Construir comunidades diversas virou um slogan. Isso é excelente. Devemos celebrar. Porém, é preciso compreender que o compromisso com a diversidade requer a habilidade de assumir, reconhecer e lidar com o conflito e a divergência que surge de espaços qualitativamente e quantitativamente diversos de forma honesta, sincera e ética.
Isso requer método, compromisso e disponibilidade para mudar modelos mentais e operacionais. Os espaços de impacto e transformação sistêmica, muitas vezes, por melhor intencionados e bem estruturados que sejam, reproduzem as estruturas coloniais que originaram e ainda originam as desigualdades. Mudar isso pede a coragem de inovar e arriscar novas formas de sentir, pensar e fazer.

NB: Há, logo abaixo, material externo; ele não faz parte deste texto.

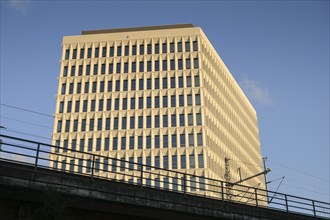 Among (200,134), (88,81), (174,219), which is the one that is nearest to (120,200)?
(174,219)

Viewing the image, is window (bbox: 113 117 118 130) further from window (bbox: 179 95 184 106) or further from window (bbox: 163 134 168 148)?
window (bbox: 179 95 184 106)

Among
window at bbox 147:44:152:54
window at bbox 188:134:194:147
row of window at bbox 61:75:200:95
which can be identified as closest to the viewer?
window at bbox 188:134:194:147

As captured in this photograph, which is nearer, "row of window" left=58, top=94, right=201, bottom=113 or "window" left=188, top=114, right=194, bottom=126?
"window" left=188, top=114, right=194, bottom=126

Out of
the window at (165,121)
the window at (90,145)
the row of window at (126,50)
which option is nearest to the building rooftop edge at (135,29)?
the row of window at (126,50)

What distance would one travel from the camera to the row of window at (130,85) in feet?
282

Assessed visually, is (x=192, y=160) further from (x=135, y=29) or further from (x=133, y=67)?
(x=135, y=29)

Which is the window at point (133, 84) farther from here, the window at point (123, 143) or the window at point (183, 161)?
the window at point (183, 161)

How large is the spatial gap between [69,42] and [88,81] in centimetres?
967

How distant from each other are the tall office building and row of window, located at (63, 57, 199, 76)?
0.19 meters

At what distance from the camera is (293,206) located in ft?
87.3

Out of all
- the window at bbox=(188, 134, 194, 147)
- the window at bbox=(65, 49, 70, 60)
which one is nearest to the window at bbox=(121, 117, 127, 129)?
the window at bbox=(188, 134, 194, 147)

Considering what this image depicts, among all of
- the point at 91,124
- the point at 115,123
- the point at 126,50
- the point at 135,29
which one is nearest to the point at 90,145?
the point at 91,124

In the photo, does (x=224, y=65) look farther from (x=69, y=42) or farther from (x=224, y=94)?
(x=69, y=42)

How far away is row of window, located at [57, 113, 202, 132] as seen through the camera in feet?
270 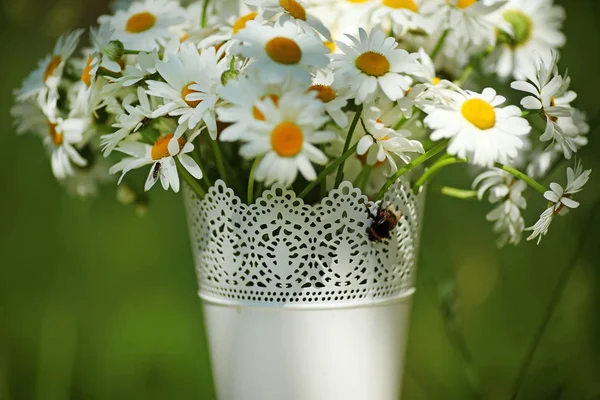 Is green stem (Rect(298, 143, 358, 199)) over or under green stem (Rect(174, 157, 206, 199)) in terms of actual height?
over

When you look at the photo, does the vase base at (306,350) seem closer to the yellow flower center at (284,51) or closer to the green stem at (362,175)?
the green stem at (362,175)

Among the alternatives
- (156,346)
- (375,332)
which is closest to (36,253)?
(156,346)

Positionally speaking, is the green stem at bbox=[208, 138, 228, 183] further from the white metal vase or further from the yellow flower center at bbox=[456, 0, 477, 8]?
the yellow flower center at bbox=[456, 0, 477, 8]

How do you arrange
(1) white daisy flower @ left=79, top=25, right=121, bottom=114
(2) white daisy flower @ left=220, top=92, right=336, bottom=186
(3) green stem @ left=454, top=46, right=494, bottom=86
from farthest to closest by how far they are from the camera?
(3) green stem @ left=454, top=46, right=494, bottom=86 → (1) white daisy flower @ left=79, top=25, right=121, bottom=114 → (2) white daisy flower @ left=220, top=92, right=336, bottom=186

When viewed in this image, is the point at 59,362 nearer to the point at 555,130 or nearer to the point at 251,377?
the point at 251,377

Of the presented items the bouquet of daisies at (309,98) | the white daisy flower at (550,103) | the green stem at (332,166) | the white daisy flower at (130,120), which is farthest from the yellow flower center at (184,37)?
the white daisy flower at (550,103)

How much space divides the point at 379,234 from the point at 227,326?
0.17 meters

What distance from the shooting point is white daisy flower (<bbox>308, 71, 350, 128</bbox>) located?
1.64 feet

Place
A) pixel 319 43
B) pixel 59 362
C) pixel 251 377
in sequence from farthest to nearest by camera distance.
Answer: pixel 59 362
pixel 251 377
pixel 319 43

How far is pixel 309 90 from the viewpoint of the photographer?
0.52 meters

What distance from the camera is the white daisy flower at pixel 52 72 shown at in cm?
61

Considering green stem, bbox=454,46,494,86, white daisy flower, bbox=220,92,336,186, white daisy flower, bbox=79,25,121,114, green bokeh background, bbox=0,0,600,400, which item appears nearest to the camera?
white daisy flower, bbox=220,92,336,186

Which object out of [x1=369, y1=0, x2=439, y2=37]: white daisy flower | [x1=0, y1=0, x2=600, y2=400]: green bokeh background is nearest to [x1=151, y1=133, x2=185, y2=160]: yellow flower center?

A comunidade de práticas Agente MUDA pode ser um exemplo factível dessa narrativa. Há exatos dois anos, em 11 de março de 2023, ela nascia, fundada por 40 lideranças sistêmicas reunidas em um processo imersivo de três dias. Essas lideranças, juntas, lidaram com o conflito que emergiu da ausência de diversidade nos espaços de transformação sistêmica de forma honesta e sincera e assumiram o compromisso de cocriar uma comunidade com objetivo de mudar as regras do jogo e acelerar a transição para um Brasil mais equitativo e regenerativo, a partir dos pilares do antirracismo e da decolonialidade.

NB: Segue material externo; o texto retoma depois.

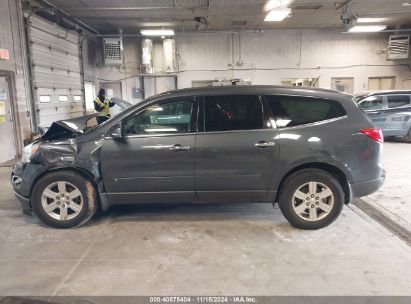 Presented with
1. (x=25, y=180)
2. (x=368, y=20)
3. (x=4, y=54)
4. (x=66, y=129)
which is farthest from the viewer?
(x=368, y=20)

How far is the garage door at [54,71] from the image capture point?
29.5ft

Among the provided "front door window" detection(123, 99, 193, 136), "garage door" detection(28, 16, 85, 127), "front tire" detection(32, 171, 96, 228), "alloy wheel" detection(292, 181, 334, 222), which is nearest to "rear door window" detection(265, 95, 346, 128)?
"alloy wheel" detection(292, 181, 334, 222)

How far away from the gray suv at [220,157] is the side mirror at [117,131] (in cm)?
1

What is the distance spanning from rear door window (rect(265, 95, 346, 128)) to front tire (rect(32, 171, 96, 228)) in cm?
224

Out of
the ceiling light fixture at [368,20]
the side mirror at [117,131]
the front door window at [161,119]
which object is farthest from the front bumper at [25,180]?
the ceiling light fixture at [368,20]

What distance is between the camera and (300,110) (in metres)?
3.79

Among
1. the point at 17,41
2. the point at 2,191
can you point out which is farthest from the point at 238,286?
the point at 17,41

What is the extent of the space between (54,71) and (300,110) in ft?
28.0

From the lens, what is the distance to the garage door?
354 inches

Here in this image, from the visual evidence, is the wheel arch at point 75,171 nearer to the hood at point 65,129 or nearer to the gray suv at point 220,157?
the gray suv at point 220,157

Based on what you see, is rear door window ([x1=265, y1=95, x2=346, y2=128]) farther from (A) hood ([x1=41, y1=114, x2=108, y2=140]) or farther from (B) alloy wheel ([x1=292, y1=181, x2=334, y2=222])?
(A) hood ([x1=41, y1=114, x2=108, y2=140])

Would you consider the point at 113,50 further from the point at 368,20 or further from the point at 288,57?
the point at 368,20

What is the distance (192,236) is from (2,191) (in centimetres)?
367

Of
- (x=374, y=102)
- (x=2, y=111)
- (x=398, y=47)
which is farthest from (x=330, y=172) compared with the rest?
(x=398, y=47) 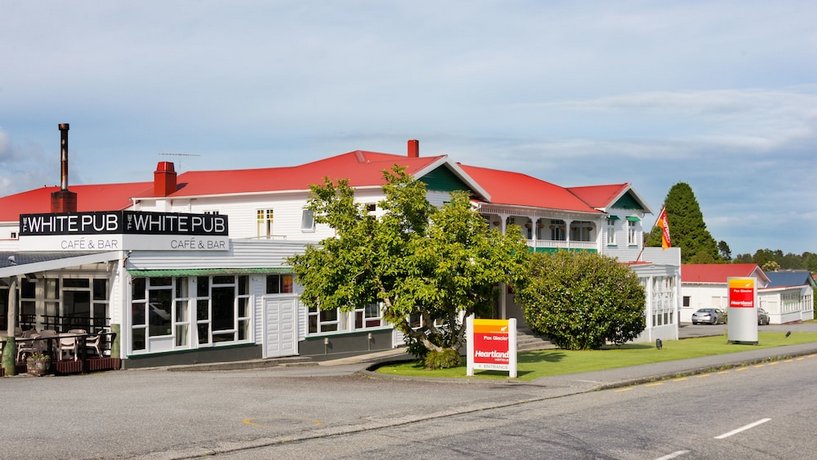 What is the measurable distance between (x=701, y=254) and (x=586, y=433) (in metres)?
84.8

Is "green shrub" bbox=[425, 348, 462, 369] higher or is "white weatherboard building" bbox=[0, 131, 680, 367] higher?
"white weatherboard building" bbox=[0, 131, 680, 367]

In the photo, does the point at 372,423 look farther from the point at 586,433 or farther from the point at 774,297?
the point at 774,297

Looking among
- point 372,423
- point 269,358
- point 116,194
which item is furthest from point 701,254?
point 372,423

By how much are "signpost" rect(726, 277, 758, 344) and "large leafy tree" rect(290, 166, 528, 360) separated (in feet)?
60.5

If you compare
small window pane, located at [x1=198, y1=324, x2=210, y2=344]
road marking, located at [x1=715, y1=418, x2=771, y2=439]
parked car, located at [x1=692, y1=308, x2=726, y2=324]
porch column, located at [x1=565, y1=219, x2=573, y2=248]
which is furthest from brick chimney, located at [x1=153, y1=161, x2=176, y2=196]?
parked car, located at [x1=692, y1=308, x2=726, y2=324]

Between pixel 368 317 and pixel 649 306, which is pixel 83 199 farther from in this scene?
pixel 649 306

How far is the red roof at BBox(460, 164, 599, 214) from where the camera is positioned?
47625mm

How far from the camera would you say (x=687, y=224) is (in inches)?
3824

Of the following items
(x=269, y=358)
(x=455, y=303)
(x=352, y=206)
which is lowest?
(x=269, y=358)

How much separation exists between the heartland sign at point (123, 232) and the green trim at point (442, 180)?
12598 millimetres

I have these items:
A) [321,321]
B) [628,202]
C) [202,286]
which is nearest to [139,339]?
[202,286]

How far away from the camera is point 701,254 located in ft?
309

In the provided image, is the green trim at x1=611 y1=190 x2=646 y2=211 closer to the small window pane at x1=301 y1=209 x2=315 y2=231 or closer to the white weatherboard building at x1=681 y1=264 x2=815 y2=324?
the small window pane at x1=301 y1=209 x2=315 y2=231

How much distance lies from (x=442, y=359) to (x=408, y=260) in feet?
10.2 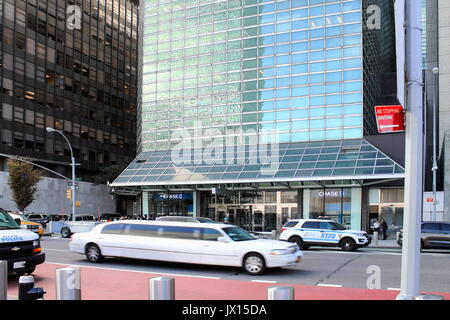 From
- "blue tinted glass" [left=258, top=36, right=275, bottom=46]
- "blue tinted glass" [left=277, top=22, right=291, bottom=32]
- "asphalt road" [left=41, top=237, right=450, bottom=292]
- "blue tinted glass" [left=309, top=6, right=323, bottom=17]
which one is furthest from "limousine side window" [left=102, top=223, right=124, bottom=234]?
"blue tinted glass" [left=309, top=6, right=323, bottom=17]

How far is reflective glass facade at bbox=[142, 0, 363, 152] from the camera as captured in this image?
39031 millimetres

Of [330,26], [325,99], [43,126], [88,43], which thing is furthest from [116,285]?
[88,43]

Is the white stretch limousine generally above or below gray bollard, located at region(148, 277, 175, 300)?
below

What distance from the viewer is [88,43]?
6669 cm

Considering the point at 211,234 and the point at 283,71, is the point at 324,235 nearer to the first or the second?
the point at 211,234

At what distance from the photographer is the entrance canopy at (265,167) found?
114 feet

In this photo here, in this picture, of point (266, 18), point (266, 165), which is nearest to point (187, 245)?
point (266, 165)

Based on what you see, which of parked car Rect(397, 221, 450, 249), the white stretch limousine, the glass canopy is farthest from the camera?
→ the glass canopy

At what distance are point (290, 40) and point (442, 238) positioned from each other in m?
24.7

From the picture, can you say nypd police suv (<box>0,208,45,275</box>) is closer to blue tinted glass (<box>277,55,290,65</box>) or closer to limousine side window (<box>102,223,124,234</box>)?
limousine side window (<box>102,223,124,234</box>)

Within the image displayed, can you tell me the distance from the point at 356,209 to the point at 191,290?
28437 millimetres

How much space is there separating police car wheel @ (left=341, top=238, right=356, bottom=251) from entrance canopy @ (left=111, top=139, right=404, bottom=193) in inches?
492

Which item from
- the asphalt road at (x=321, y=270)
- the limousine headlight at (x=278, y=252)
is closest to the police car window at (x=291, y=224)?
the asphalt road at (x=321, y=270)

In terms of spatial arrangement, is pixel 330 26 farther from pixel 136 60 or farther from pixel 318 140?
pixel 136 60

De fato, as primeiras horas de existência dessa comunidade, foram marcadas pela assunção de compromissos estruturais: para construir novas economias e novas regras do jogo, é preciso transcender a herança colonial que demarcou a construção do sistema atual que reproduz a desigualdade estrutural há séculos. É mandatório ter a diversidade presente em todo o processo. É preciso assumir consciência do que significa o privilégio branco e seu consequente modo de operar para trazer a potência coletiva da diversidade para a mesa, assumindo o compromisso com o antirracismo e a decolonialidade como meios para chegar no nosso objetivo. Em um país como o Brasil, isso é premissa de qualquer processo de mudança sistêmica.

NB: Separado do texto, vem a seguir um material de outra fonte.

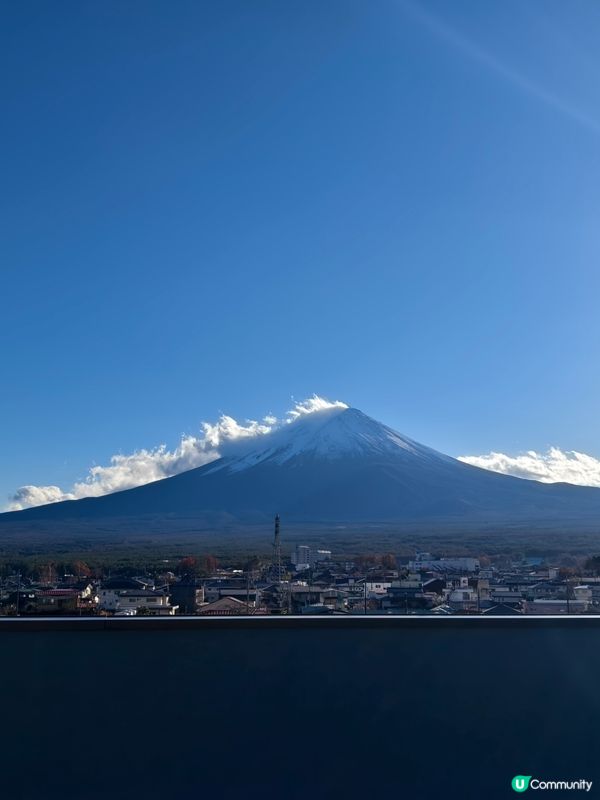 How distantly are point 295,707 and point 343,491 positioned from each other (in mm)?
43177

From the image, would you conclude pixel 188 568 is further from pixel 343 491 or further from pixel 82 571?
pixel 343 491

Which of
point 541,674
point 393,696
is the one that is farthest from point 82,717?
point 541,674

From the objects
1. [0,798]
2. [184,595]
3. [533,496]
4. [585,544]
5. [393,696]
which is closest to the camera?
[0,798]

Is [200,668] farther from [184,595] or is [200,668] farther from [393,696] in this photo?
[184,595]

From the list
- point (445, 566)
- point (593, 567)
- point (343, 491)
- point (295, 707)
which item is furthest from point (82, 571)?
point (343, 491)

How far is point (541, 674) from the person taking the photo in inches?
141

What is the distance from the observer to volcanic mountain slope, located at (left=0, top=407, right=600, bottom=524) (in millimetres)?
42156

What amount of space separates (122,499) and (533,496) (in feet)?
74.5

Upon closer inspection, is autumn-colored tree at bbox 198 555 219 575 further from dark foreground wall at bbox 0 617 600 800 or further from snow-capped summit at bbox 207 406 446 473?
snow-capped summit at bbox 207 406 446 473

Hoje, após dois anos, esse compromisso sustenta uma comunidade viva e vibrante. Sim, podemos afirmar que a Agente MUDA é e se tornou uma comunidade de práticas com o propósito de conectar lideranças com visão sistêmica dos setores público, empresarial e sociedade civil organizada para que construam confiança, aprendam e pratiquem juntas formas concretas de combater desigualdades estruturais, para gerar evidências empíricas que impulsionem e inspirem a mudança das regras do jogo para acelerar a transição para um Brasil mais equitativo e regenerativo.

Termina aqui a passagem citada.